Your task => Pictures must not appear in your answer. Write out exactly the lines from the one with "Digital Printed Designer" through the last line of the entries below.

Information given =>

.....

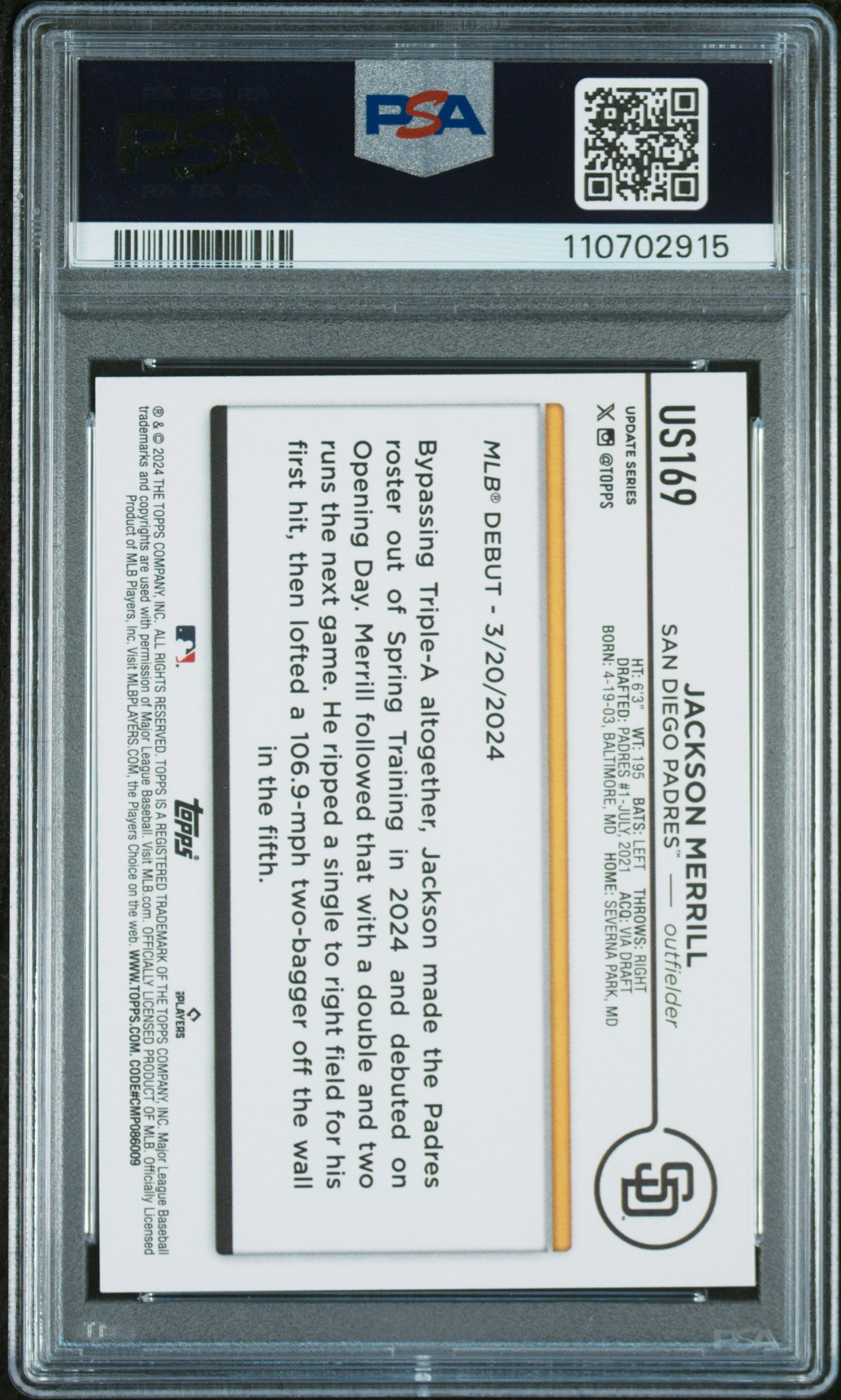 2024 Topps Update #US169 Jackson Merrill PSA 9
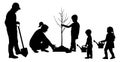 Planting tree and landscaping. Silhouette of large family with tree seedling and watering cans and shovel. Vector illustration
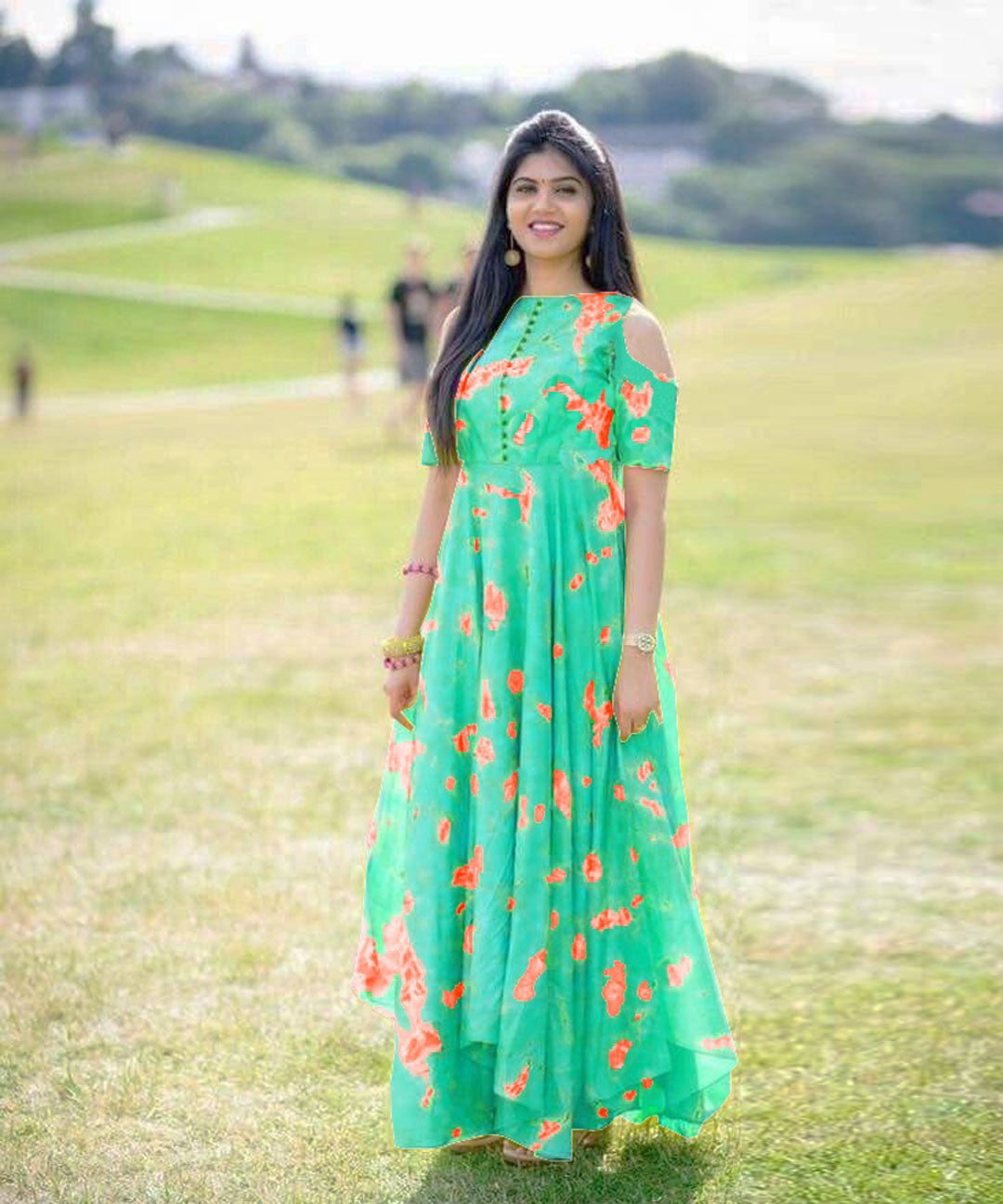 Digital Printed Designer Wear Cold Shoulder Long Faux Georgette Gown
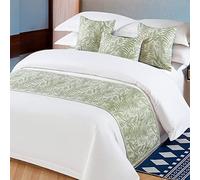OSVINO Chemin de Lit Floral Microfibre Décoratif - Bed Runner pour Hôtel Chambre, Plante Décoration, Vert, 240x48cm pour 180cm Lit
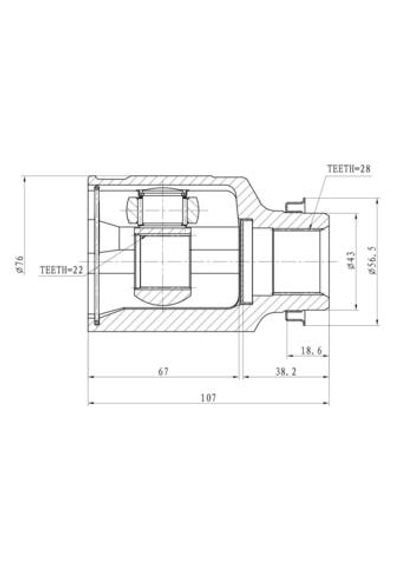 ШРУС внутренний R KIA Spectra 2000 (Ижевск) GANZ GIK04026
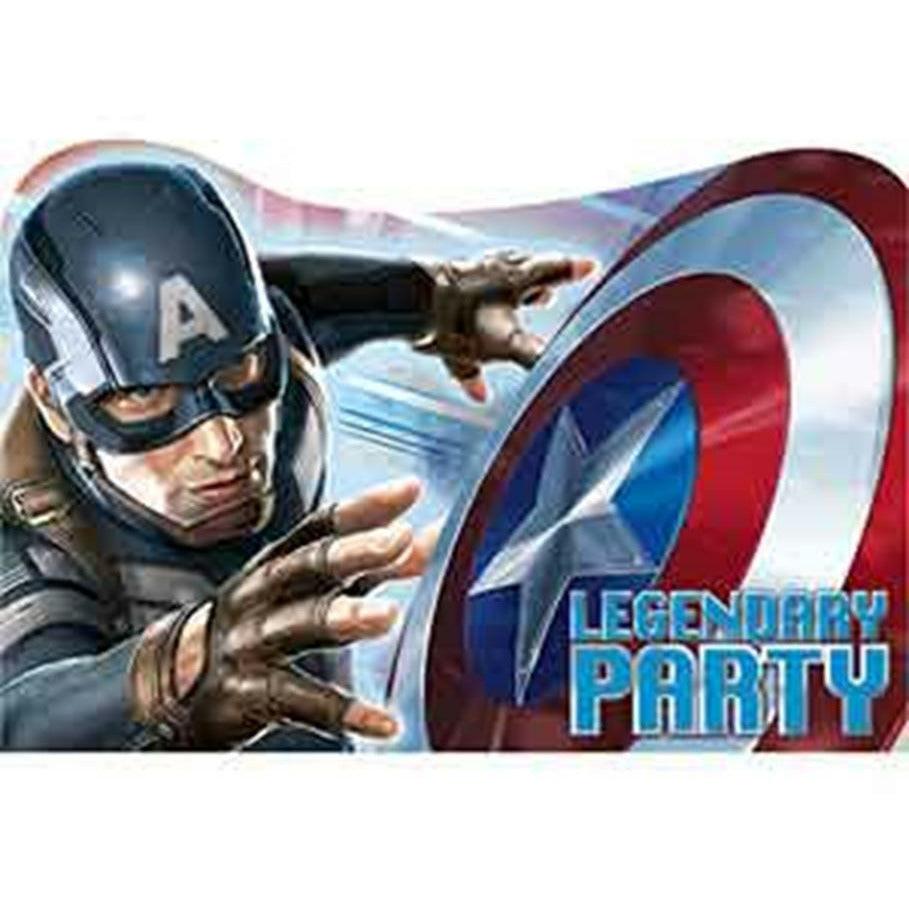 Captain America Invitation 8ct - Toy World Inc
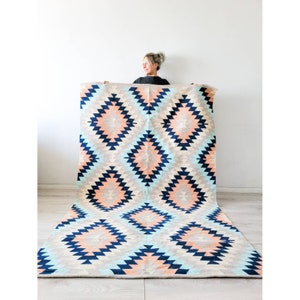 Handwoven Rug, Colourful Rug, Bright Colors Rug, Living Room Kilim, Area rug, Kilim Rug, Peach Rug, Navy blue Kiliim, Aztec Boho Rug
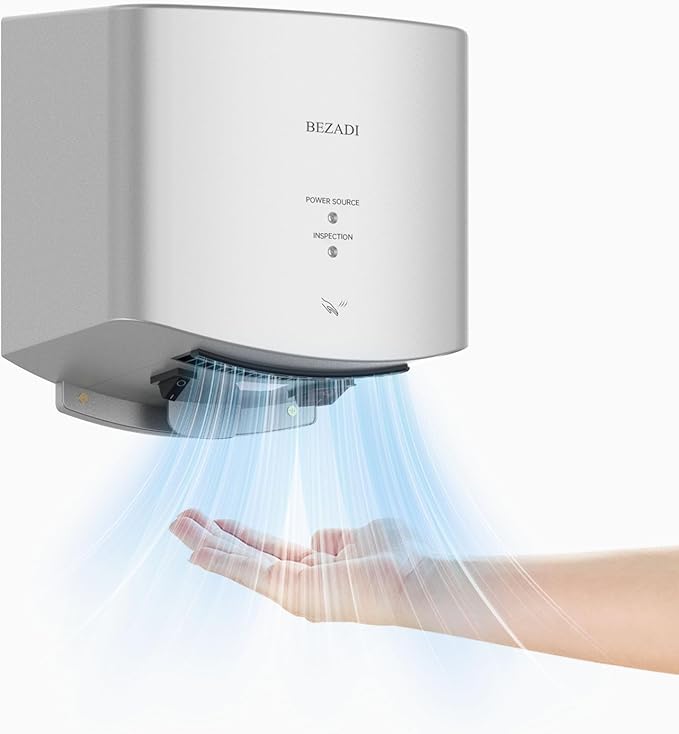 High-Speed Hand Dryer Automatic Hot & Cold Airflow,1250W 110V Wall Mounted Hand Dryer for Home Bathroom, Compact Commercial Hand Dryer Silver
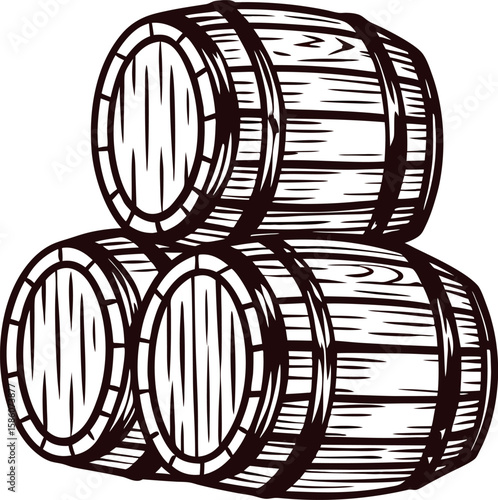 Three wooden barrels stacked vintage hand drawn engraved container illustration isolated on white background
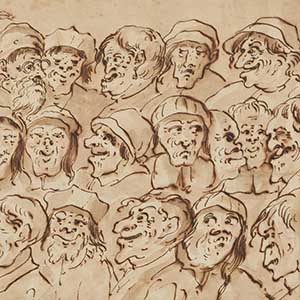 Three Rows of Caricature Heads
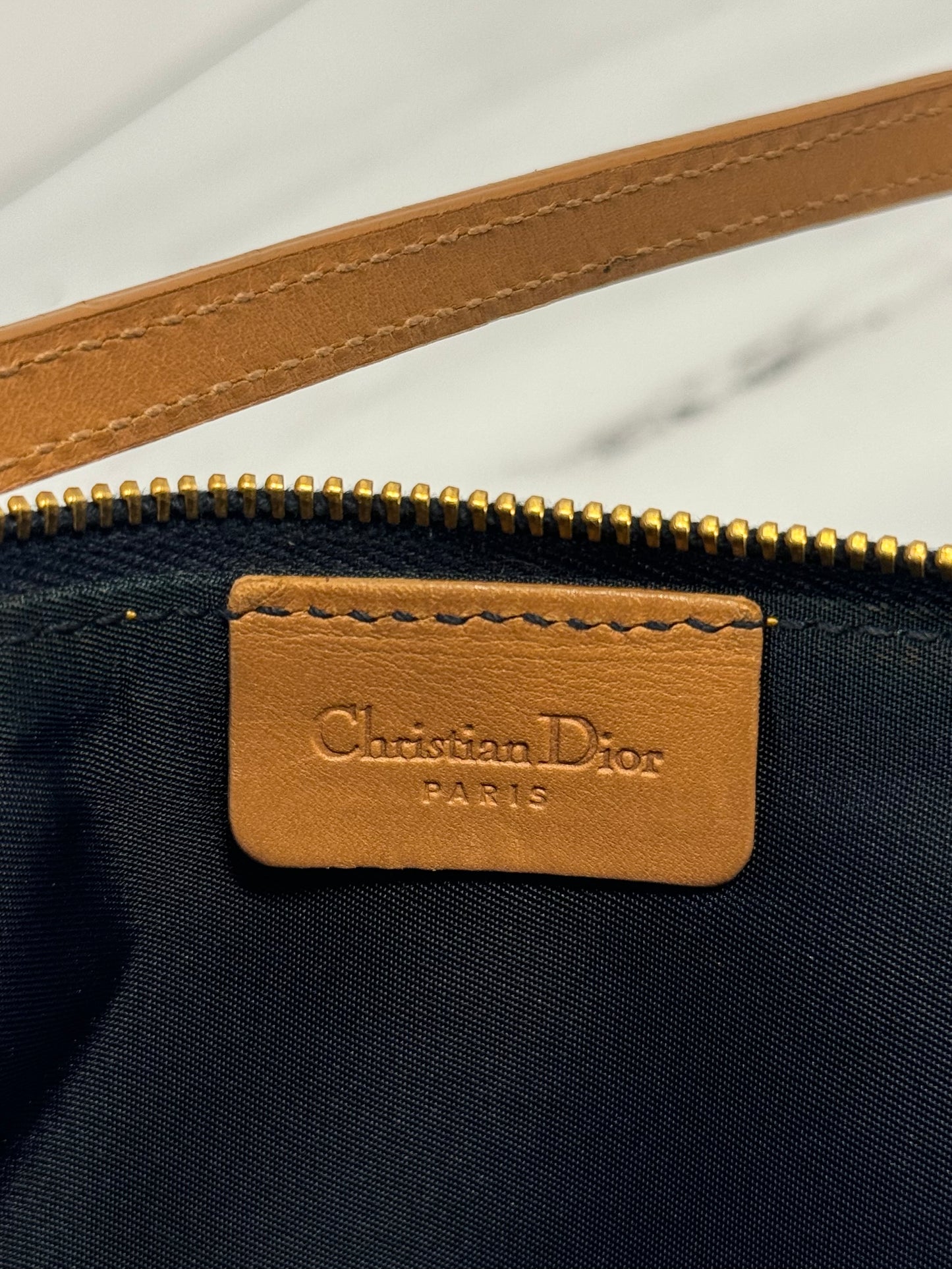 Dior Vintage 2001 Navy Blue Denim Mini Saddle Shoulder Bag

.....

Result for this task =>
 Digital Printed Designer Wear Cold Shoulder Long Faux Georgette Gown
OSVINO Chemin de Lit Floral Microfibre Décoratif - Bed Runner pour Hôtel Chambre, Plante Décoration, Vert, 240x48cm pour 180cm Lit
 ШРУС внутренний R KIA Spectra 2000 (Ижевск) GANZ GIK04026
 Captain America Invitation 8ct - Toy World Inc
 Handwoven Rug, Colourful Rug, Bright Colors Rug, Living Room Kilim, Area rug, Kilim Rug, Peach Rug, Navy blue Kiliim, Aztec Boho Rug
 High-Speed Hand Dryer Automatic Hot & Cold Airflow,1250W 110V Wall Mounted Hand Dryer for Home Bathroom, Compact Commercial Hand Dryer Silver
 Three wooden barrels stacked vintage hand drawn engraved container illustration isolated on white background
 Three Rows of Caricature Heads
 Dior Vintage 2001 Navy Blue Denim Mini Saddle Shoulder Bag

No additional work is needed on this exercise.